Niezwykła historia czarnego kundelka
Historia tego psiaka chwyta za serce. Gary większość swojego życia mieszkał na ulicy. W 2016 roku czarny czworonóg trafił do schroniska w Puławach, jednak i tam mu się nie poszczęściło. Przez cztery lata nikt nie zdecydował się zaadoptować niedowidzącego i niedosłyszącego staruszka.
W końcu losem kundelka zainteresowało się Stowarzyszenie Paka dla Zwierzaka, które znalazło Gary’emu dom tymczasowy w Gdyni. Schronienie i bezwarunkową miłość zapewniła psiakowi pani Katarzyna:
Znalazłam nową pracę, przeprowadziłam się. Tak dobrze wszystko mi się ułożyło, że postanowiłam trochę tego dobra oddać. Wynajęłam mieszkanie u bardzo sympatycznej rodziny, która nie widziała problemu w tym, że będą tu mieszkały ze mną psy – tłumaczy w rozmowie z TVN24.
Po krótkim czasie 12-letni Gary skradł serce nie tylko pani Kasi, ale także rodzinie, u której wynajmowała ona mieszkanie i którzy mieszkali w tym samym budynku. Psiak w domu tymczasowym spędził jednak tylko trzy tygodnie, bowiem po latach znalazł się ktoś, kto zechciał zaadoptować kundelka.

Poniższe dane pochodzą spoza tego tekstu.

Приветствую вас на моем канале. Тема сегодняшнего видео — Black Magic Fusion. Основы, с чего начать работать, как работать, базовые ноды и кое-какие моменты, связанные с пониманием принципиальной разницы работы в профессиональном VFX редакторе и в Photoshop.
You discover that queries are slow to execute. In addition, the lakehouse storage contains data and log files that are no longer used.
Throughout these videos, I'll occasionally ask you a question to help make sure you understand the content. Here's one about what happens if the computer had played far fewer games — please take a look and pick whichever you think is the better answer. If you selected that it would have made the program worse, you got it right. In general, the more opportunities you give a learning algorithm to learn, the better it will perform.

Wypatrzył go cudowny starszy pan i postanowił dać chłopakowi własny kąt, codzienne spacery i szczęśliwą emeryturę. Gary pojechał do Żukowa - mówi prezes Stowarzyszenia Paka dla Zwierzaka w rozmowie z TVN24.

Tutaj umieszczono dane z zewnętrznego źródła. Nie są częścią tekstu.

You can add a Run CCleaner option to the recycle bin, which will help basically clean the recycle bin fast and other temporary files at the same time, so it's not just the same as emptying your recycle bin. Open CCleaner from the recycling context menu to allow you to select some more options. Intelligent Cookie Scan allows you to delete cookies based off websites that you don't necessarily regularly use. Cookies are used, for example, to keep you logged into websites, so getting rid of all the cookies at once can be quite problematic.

12-letni Gary przeszedł prawie 30 km w mrozie
W nowym domu Gary pomieszkał jeden dzień. Staruszek przy pierwszej możliwej okazji uwolnił się z obroży i uciekł. W jego poszukiwania zaangażowało się masę osób, jednak słuch po nim zaginął…
Po pięciu dniach psa w… Gdyni odnalazła 10-letnia Hania, córka właścicieli mieszkania, które wynajmowała pani Kasia. Pies spał w pobliżu swojego domu tymczasowego.

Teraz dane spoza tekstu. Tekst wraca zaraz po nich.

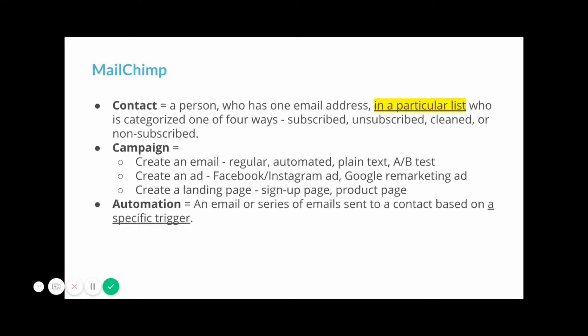A campaign in MailChimp offers different types of email campaigns. It could be a regular email, something that's automated, a plain text email, or an A-B test, and that's comparing whether one email works better than another. You can also create an ad campaign using Facebook or Instagram or a Google remarketing ad campaign. They also recently offered landing page campaigns.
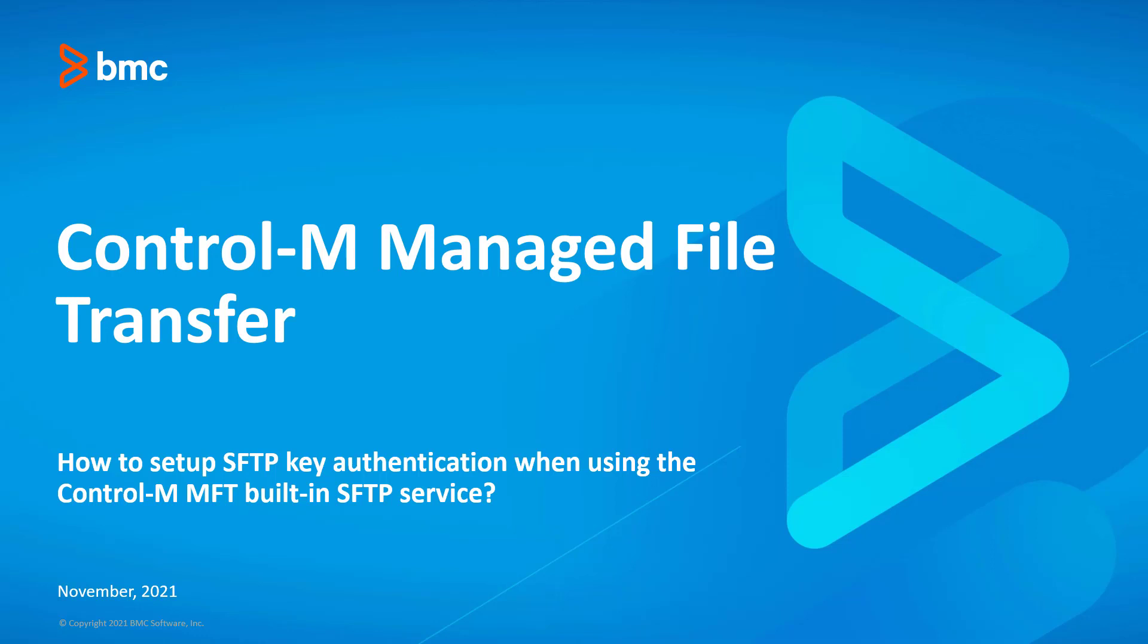This Control-M video shows how to set up SFTP key authentication when using the Control-M Managed File Transfer built-in SFTP service.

Przeszedł ponad 25 km w mrozie, nie znając okolicy. Zajęło mu to 5 dni. Nasz 12-letni senior wrócił sam do Kasi, która była jego domem tymczasowym przez ostatnie tygodnie – czytamy na Facebook’u.
Historia Gary’ego kończy się szczęśliwe. Psiak sam wybrał sobie rodzinę. Kundelek został na stałe u rodziny mieszkającej obok pani Kasi. Jak czytamy w sieci, jego oficjalną właścicielką została mała Hania.